5.4.1.4. Section 3 — printf(fmt, args…): Format-string parsing

The printf macro parses a format string at compile time, replacing (N) placeholders with the corresponding argument expressions:

printf("player (1) scored (2) points\n", "Alice", score)
// → print("player {\"Alice\"} scored {score} points\n")

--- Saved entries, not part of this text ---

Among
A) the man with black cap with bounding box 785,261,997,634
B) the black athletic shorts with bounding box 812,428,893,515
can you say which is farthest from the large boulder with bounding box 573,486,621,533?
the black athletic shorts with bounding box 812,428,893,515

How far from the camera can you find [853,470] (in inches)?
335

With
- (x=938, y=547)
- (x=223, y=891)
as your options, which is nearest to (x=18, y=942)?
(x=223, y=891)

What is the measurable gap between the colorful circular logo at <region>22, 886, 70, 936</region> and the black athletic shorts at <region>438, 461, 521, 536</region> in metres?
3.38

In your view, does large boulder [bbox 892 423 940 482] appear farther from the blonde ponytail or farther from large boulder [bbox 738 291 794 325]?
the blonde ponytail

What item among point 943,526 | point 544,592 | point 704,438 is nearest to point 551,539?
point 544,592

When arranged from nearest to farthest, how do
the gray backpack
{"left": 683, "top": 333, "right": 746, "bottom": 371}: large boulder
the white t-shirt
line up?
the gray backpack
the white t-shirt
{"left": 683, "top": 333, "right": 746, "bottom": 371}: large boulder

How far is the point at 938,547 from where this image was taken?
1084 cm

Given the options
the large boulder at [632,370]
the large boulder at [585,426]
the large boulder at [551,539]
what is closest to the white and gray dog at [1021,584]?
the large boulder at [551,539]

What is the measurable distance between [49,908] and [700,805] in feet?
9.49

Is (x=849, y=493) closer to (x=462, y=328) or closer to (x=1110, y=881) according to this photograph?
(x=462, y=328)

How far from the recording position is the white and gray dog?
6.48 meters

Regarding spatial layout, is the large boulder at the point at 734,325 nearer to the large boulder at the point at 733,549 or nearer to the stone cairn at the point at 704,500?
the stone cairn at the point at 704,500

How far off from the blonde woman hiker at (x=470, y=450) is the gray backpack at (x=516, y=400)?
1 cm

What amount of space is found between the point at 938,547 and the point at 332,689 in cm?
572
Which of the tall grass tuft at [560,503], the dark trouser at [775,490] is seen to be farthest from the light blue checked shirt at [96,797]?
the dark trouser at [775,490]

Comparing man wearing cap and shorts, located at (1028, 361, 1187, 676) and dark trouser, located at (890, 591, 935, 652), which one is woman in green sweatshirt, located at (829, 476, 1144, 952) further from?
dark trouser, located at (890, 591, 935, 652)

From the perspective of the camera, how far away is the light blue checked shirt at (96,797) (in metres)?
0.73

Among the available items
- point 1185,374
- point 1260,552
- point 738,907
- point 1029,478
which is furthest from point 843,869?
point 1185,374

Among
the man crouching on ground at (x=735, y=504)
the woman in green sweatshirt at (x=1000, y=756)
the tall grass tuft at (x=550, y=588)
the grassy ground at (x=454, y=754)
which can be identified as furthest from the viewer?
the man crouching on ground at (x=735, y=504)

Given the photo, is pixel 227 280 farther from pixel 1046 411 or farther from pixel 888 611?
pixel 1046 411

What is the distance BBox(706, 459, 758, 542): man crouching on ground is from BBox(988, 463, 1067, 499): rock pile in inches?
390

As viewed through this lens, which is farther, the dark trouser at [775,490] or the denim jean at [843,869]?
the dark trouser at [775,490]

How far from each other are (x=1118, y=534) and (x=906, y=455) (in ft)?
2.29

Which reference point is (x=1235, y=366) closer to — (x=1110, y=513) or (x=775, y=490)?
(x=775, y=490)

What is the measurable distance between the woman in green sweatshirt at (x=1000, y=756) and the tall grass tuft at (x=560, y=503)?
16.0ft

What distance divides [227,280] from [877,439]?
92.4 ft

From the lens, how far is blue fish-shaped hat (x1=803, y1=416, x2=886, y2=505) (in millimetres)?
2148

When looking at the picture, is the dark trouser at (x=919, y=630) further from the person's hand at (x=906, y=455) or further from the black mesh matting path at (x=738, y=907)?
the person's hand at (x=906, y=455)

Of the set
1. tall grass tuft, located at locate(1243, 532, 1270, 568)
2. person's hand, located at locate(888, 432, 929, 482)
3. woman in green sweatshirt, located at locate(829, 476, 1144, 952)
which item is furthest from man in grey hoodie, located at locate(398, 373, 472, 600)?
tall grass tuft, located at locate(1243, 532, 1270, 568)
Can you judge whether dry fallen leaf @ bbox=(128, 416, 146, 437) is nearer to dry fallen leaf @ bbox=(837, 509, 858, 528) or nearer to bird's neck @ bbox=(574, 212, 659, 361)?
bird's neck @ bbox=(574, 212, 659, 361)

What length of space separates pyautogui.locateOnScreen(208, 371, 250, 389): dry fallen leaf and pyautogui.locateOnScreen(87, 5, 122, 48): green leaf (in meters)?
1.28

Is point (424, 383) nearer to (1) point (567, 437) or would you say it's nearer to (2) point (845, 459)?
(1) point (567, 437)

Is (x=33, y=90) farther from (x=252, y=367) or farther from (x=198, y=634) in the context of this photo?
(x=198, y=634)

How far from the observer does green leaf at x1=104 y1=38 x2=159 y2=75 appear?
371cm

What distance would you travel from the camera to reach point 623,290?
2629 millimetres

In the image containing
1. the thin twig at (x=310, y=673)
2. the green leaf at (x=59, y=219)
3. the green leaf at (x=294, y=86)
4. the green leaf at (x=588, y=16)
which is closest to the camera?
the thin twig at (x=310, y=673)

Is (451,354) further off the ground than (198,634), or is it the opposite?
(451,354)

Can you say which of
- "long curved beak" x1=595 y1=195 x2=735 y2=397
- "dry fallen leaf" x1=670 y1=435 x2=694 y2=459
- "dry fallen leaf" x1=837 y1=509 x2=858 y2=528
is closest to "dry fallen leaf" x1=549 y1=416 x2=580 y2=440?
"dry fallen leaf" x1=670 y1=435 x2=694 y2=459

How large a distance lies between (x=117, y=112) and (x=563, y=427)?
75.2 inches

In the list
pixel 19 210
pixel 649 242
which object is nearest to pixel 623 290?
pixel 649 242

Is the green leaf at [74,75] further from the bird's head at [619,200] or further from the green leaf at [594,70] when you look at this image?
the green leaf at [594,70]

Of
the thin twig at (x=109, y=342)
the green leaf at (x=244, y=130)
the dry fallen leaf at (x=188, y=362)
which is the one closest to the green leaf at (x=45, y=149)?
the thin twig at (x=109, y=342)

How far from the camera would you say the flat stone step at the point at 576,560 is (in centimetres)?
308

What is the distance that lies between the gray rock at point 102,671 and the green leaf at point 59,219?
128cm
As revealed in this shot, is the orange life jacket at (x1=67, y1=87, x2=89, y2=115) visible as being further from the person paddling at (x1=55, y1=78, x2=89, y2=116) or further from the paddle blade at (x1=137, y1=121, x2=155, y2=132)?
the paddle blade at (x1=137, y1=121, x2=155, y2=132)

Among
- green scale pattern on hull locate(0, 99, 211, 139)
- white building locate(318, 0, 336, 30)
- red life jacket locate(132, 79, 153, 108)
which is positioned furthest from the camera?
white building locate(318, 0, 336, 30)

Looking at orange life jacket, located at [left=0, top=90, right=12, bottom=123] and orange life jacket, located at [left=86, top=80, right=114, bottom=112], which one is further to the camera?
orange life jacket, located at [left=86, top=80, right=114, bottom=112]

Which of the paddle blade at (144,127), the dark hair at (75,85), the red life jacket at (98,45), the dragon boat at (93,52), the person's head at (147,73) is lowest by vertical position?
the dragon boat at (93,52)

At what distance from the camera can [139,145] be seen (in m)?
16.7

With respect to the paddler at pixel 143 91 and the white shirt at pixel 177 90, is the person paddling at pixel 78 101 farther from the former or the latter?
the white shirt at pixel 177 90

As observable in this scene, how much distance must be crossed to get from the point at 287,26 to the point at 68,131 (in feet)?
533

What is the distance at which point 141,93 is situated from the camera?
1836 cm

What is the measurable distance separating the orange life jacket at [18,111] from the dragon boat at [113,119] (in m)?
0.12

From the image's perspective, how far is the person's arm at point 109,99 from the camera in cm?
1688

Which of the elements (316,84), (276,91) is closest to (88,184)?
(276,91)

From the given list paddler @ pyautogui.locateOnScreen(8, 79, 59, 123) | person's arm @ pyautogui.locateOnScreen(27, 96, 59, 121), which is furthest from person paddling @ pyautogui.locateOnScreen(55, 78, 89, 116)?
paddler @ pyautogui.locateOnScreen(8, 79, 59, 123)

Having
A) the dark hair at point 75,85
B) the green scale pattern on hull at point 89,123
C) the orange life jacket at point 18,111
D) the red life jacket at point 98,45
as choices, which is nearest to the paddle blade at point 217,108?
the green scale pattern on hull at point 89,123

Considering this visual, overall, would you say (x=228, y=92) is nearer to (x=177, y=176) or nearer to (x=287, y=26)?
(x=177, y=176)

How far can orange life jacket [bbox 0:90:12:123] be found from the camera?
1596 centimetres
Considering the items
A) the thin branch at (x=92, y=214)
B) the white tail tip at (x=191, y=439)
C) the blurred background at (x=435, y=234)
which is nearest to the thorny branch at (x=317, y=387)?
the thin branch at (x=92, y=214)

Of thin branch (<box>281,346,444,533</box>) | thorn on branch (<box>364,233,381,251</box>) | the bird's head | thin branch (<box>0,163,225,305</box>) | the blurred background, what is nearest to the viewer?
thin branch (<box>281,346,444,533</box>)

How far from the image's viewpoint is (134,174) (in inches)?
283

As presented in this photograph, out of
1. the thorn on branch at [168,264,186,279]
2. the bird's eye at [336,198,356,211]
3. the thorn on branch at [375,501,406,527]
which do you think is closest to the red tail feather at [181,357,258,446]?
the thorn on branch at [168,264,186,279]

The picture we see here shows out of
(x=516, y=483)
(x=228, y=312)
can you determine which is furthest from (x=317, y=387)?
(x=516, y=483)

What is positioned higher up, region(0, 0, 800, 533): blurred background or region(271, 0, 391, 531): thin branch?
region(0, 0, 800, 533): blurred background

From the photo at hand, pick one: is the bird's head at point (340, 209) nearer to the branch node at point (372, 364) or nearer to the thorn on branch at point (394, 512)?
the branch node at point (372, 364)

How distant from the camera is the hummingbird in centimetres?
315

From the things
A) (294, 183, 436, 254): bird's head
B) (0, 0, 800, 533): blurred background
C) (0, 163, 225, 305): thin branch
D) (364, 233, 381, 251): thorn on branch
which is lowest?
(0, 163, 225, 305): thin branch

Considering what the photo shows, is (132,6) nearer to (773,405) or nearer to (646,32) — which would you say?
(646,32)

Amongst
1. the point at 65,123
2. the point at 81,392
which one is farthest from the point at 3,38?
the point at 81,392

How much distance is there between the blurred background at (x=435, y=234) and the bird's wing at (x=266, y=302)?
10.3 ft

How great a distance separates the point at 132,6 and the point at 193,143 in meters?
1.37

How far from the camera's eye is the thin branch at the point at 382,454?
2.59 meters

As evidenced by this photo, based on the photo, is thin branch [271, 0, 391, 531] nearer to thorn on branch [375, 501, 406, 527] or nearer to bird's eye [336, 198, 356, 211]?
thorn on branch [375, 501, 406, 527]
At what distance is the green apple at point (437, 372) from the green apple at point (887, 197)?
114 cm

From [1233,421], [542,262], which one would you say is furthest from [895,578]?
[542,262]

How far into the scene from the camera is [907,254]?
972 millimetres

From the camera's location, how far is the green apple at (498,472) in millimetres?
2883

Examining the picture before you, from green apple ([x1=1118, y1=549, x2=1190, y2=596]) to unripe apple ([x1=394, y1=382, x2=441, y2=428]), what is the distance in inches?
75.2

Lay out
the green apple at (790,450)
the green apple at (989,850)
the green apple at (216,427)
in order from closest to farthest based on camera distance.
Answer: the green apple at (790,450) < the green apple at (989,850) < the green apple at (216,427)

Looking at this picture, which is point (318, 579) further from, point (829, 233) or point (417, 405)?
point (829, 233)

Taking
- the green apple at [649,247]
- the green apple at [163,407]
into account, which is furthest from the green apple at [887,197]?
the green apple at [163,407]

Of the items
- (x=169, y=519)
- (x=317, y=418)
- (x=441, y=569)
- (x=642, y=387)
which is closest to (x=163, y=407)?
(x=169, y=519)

Arguments can be reordered and repeated:

printf("result: (2) from (1)\n", "source", 100)
printf("(1) and (1) and (1)\n", "echo")

The implementation iterates over the format string character by character, looking for () pairs. For each placeholder it:

  1. Extracts the number with chop and converts it with to_int

  2. Validates bounds with macro_verify

  3. Inserts a clone_expression of the referenced argument

[call_macro(name="printf")]
class PrintfMacro : AstCallMacro {
    def override visit(prog : ProgramPtr; mod : Module?;
            var expr : smart_ptr<ExprCallMacro>) : ExpressionPtr {
        macro_verify(length(expr.arguments) >= 1, prog, expr.at,
            "printf requires at least a format string argument")
        macro_verify(expr.arguments[0] is ExprConstString, prog, expr.at,
            "first argument to printf must be a constant string")
        let totalArgs = length(expr.arguments)
        var inscope sbuilder <- new ExprStringBuilder(at = expr.at)
        let format = string((expr.arguments[0] as ExprConstString).value)
        var pos = 0
        while (pos < length(format)) {
            var open = find(format, '(', pos)
            if (open == -1) {
                let tail = format.chop(pos, length(format) - pos)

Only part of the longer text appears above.